Organ didalam MGPSSR penulis anggap satu keluarga besar sehingga jika terjadi sentuhan-sentuhan, itu biasa, kalau toh dicurigai ada rekayasa, apa yang didapatkan didalam MGPSSR karena untuk darmawacana ke kantong pasemetonan saja MGPSSR kurang dana, kalau merekayasa lebih baik dipartai politik disana uang berlimpah. Disamping itu MGPSSR adalah organisasi pasemetonan bukan organisasi politik, maka cara kita berbicara, mengkritik, memberi masukan, tetap perlu didasari oleh Tri Kaya parisudha, jangan sampai mendulang air malah kita sendiri yang kena cipratannya.
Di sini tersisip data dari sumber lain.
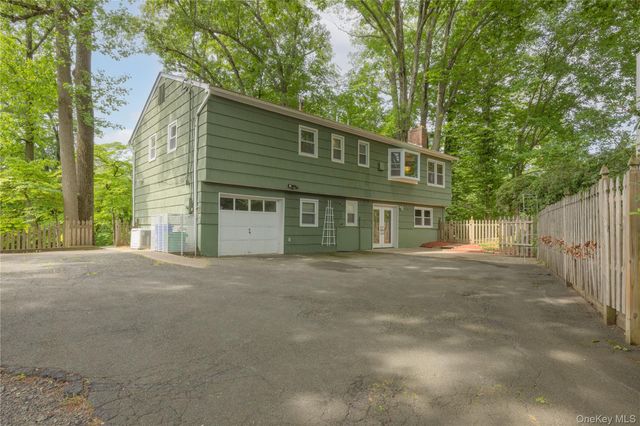 11 Guterl Terrace, Pearl River, NY 10965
Jangan terbawa pembicaraan di media-media yang semua membawa nama rakyat sementara rakyatnya masih banyak yang menderita, maka kalau kita membicarakan MGPSSR dengan nama pasemetonan umat Hindu, mari berikan pasemetonan dan umat Hindu ini : ide, pemikiran, jalan, dan tindakan nyata yang dapat meningkatkan jati diri pasemetonan dan ke-Hindu an masyarakat ini, jangan sampai umat semakin berkurang karena lembaga umatnya ribut. Jangan juga membuat tandingan karena kekecewaan, yang akhirnya akan semakin memperparah keadaan, demokratisasi, ingat warna warni itu akan indah jika dipenuhi rasa guyub rukun.